Nella storia degli ultimi anni della Lucchini-Severstal, hanno contato sicuramente di più gli avvenimenti legati a banche e Tribunali, che non quelli legati alla fabbrica e alla produzione. Nella lunga e complessa vicenda di debiti e di successioni di proprietà, si è trascinata l’ansia continua dei lavoratori, sospesa tra una decisione e l’altra delle banche nel concedere i crediti, o dei tribunali sulla necessità del commissariamento della società.
Ora il Tribunale fallimentare di Milano si è finalmente deciso a omologare il piano di ristrutturazione del debito Lucchini, una decisione attesa a lungo e che evita un aggravarsi della situazione debitoria dell’azienda, tuttora controllata dal magnate russo Alexei Mordashov. Il debito ammonta a circa 730 milioni di euro, e la sentenza consentirà di diluirlo in sei anni, con un piano di rientro che comincerà nel giugno 2015. Inoltre, oltre ad allungare la scadenza del debito e a congelare gli interessi, sarà possibile utilizzare i 325 milioni incassi con la vendita, nell’estate scorsa, della filiale francese Ascometal.

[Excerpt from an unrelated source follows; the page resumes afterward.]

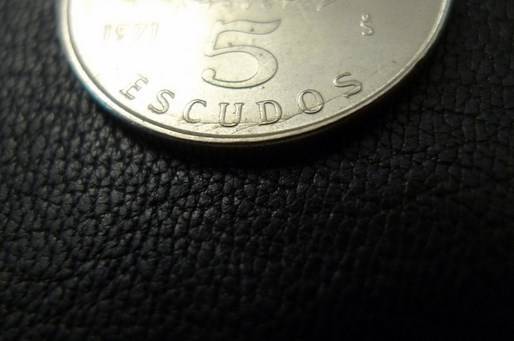 Post-A-Coin-Or-Medal-With-A-Die-Crack!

Naturalmente una buona parte di questa somma (pare un centinaio di milioni) andrà alle banche, mentre almeno 70 milioni saranno utilizzati per pagare i debiti più vecchi di Lucchini verso i fornitori e le ditte dell’indotto, da tempo in sofferenza. Alcune ditte non erano pagate da mesi, e i lavoratori avevano avuto problemi nel riscuotere i salari e le tredicesime. Il gruppo Lucchini perdeva, nell’incertezza della situazione, 15 milioni al mese, e poteva produrre solo al 60% delle sue capacità; aveva un’autonomia di cassa solo per pochi altri mesi, e difficoltà a partecipare alle gare internazionali, perché in mancanza di lettere di credito giudicato inaffidabile.
Oggi i problemi non sono risolti: il debito rimane, anche se con maggior respiro; il Tribunale stesso giudica questa una soluzione provvisoria, in attesa di un nuovo acquirente per il gruppo entro il 2014. Non sono spariti i problemi relativi agli impianti: l’altoforno è arrivato a fine corsa, e questo alla fine è il vero problema. Un nuovo socio forse sarà disponibile se giudicherà lo stabilimento appetibile per realizzare dei profitti, difficilmente se dovrà caricarsi di enormi spese d’investimento. Ci fosse ancora un venditore pubblico, disposto a svendere per poco una fabbrica sana e senza la necessità di nuovi investimenti, come ai tempi della cessione a Lucchini, consentendo in più il taglio di centinaia di posti di lavoro, magari utilizzando qualche prepensionamento, compratori è probabile che se ne troverebbero. Ma il rischio alla fine è che – senza una proprietà disposta a puntare sui nuovi impianti – lo stabilimento venga ridimensionato, perdendo tutta l’area a caldo e conservando solo l’acciaieria. Le conseguenze per l’occupazione sarebbero devastanti.